Answer with the exact lines of the following material from the one containing "Кпп Honda CRV" through the one containing "2019 Toyota Camry", both end lines included.

Task input below:

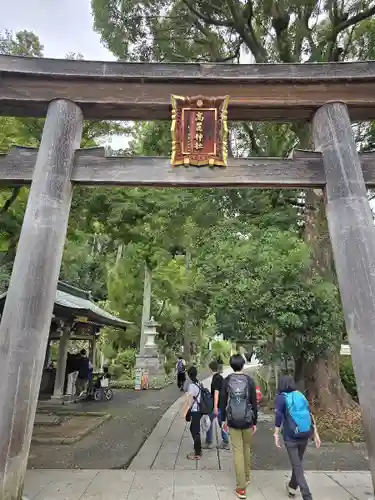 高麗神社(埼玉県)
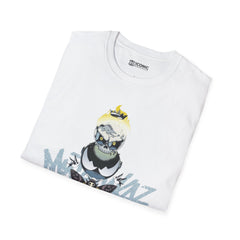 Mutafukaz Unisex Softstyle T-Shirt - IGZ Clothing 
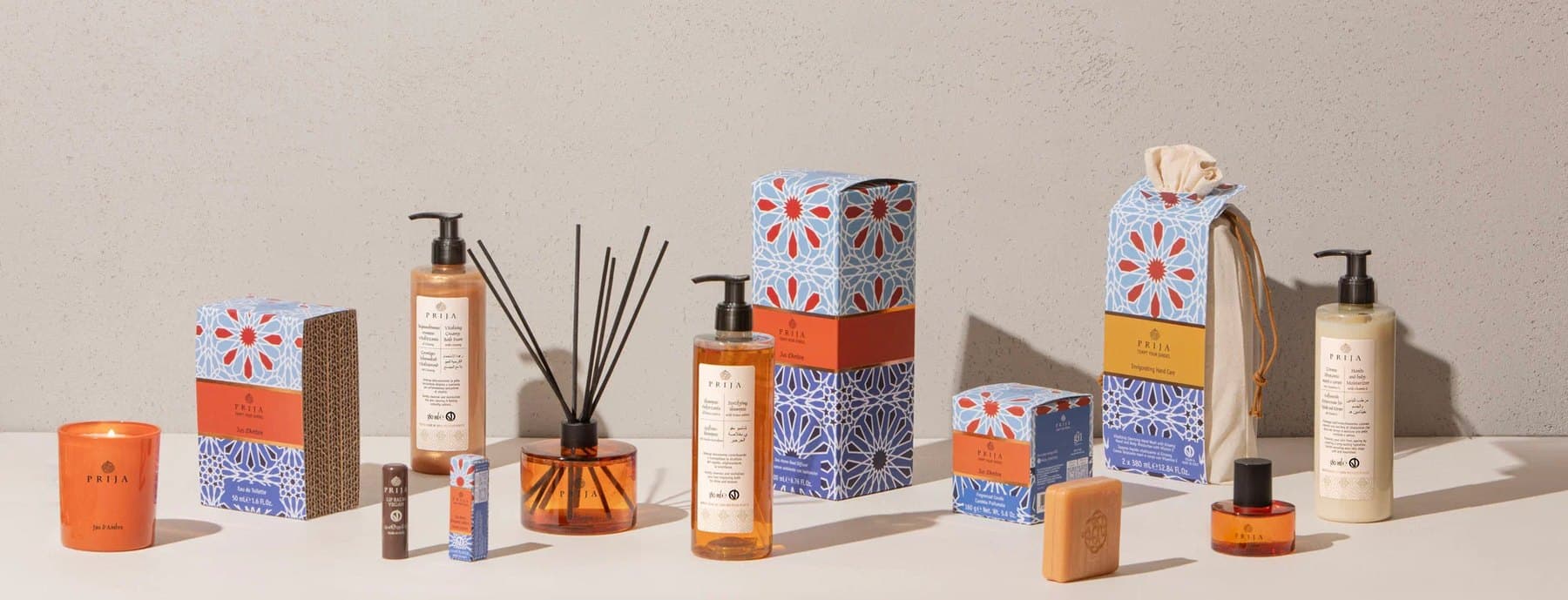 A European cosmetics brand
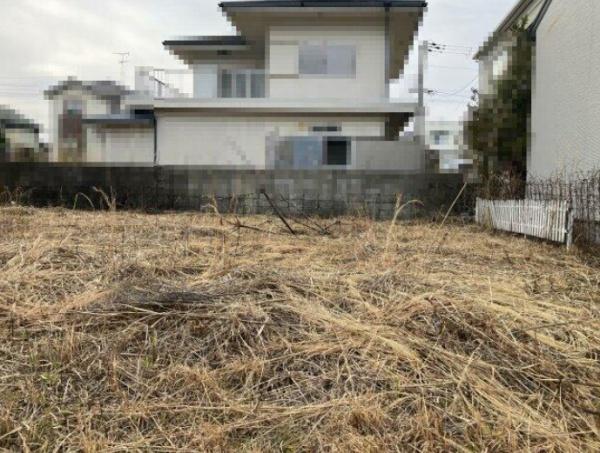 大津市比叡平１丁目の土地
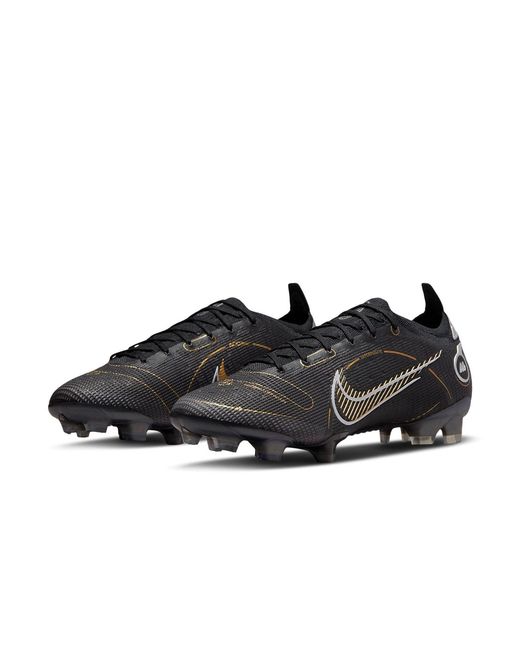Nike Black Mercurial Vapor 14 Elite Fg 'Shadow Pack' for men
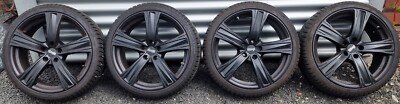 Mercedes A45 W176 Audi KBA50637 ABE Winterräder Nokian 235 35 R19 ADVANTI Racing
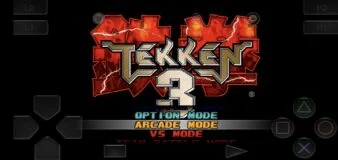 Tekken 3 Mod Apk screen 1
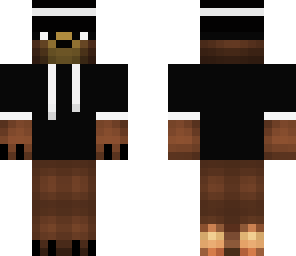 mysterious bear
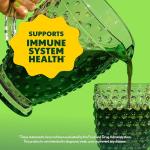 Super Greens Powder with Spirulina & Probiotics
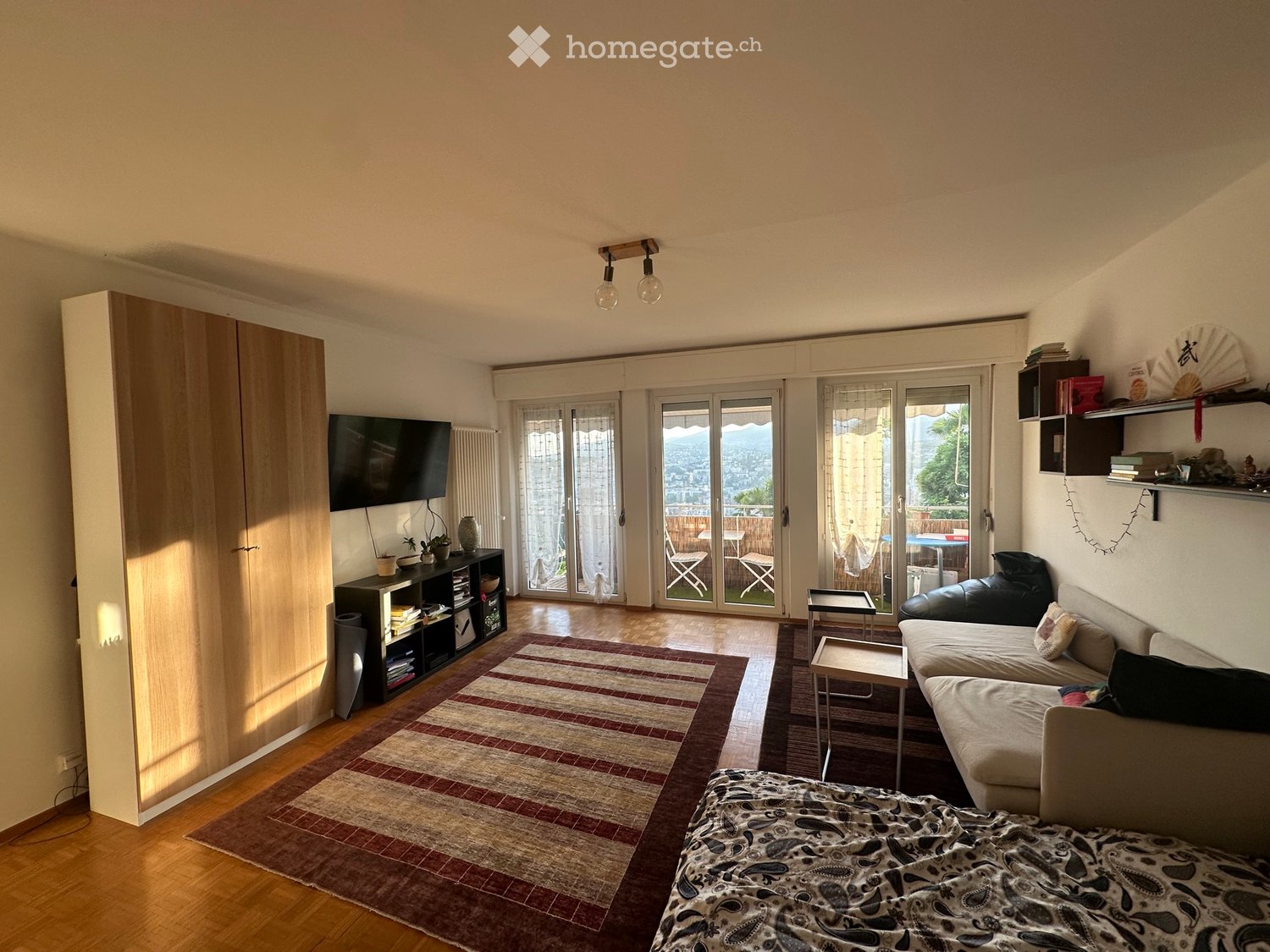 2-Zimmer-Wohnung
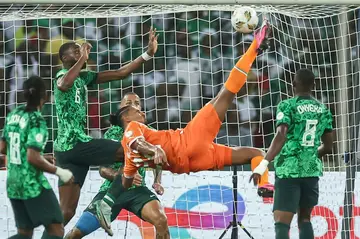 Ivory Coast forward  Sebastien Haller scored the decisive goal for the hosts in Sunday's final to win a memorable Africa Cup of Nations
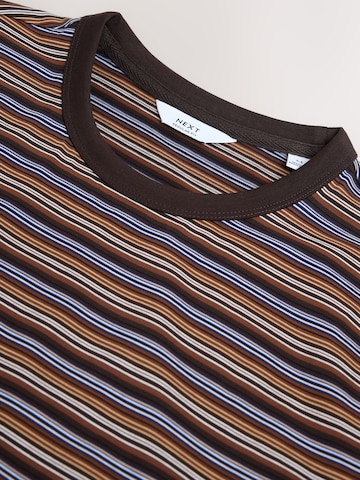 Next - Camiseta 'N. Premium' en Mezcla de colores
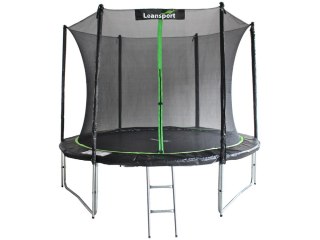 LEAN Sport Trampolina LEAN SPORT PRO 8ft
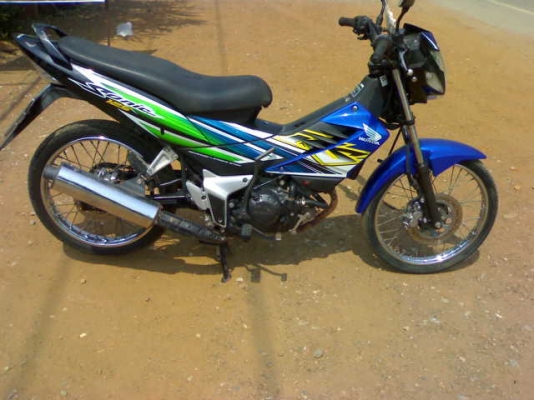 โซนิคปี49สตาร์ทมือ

End of Task input.
Task input below:

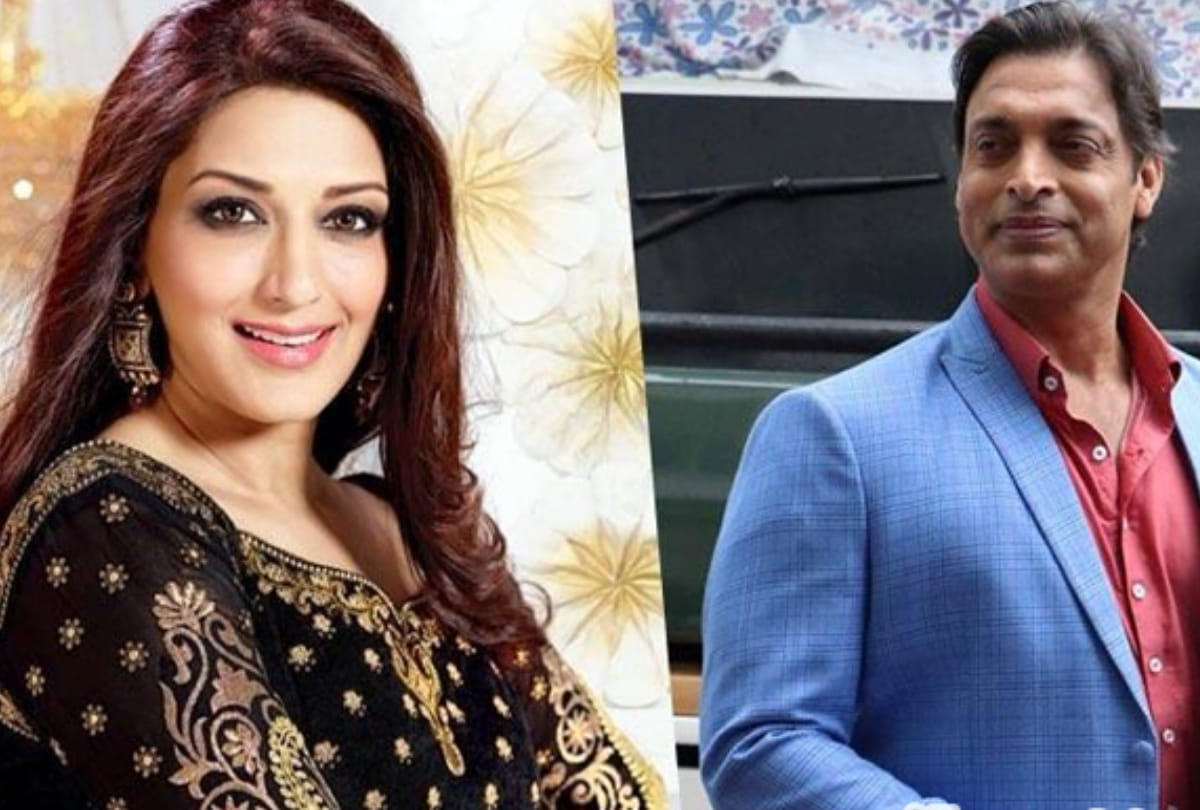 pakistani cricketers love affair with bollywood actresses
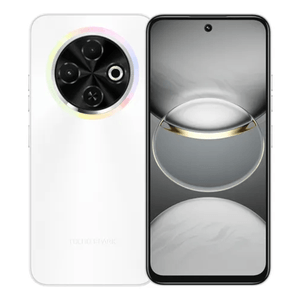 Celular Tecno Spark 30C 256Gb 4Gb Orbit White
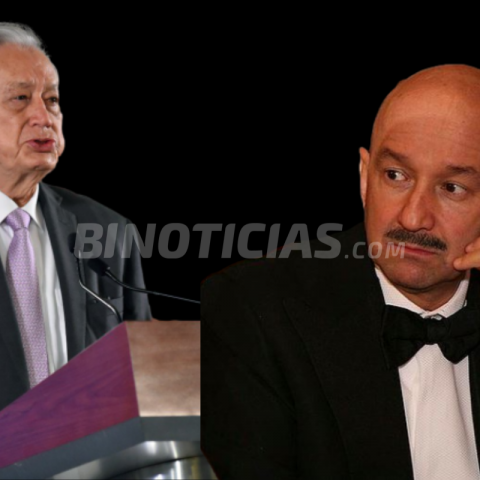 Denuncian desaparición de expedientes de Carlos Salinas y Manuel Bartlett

End of Task input.
Task input below:

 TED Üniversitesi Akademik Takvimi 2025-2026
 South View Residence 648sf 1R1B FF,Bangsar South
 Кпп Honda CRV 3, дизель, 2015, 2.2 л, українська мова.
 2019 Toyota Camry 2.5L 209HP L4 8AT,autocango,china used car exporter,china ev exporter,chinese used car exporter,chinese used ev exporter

End of Task input.

Solved problem:
 Кпп Honda CRV 3, дизель, 2015, 2.2 л, українська мова.
 2019 Toyota Camry 2.5L 209HP L4 8AT,autocango,china used car exporter,china ev exporter,chinese used car exporter,chinese used ev exporter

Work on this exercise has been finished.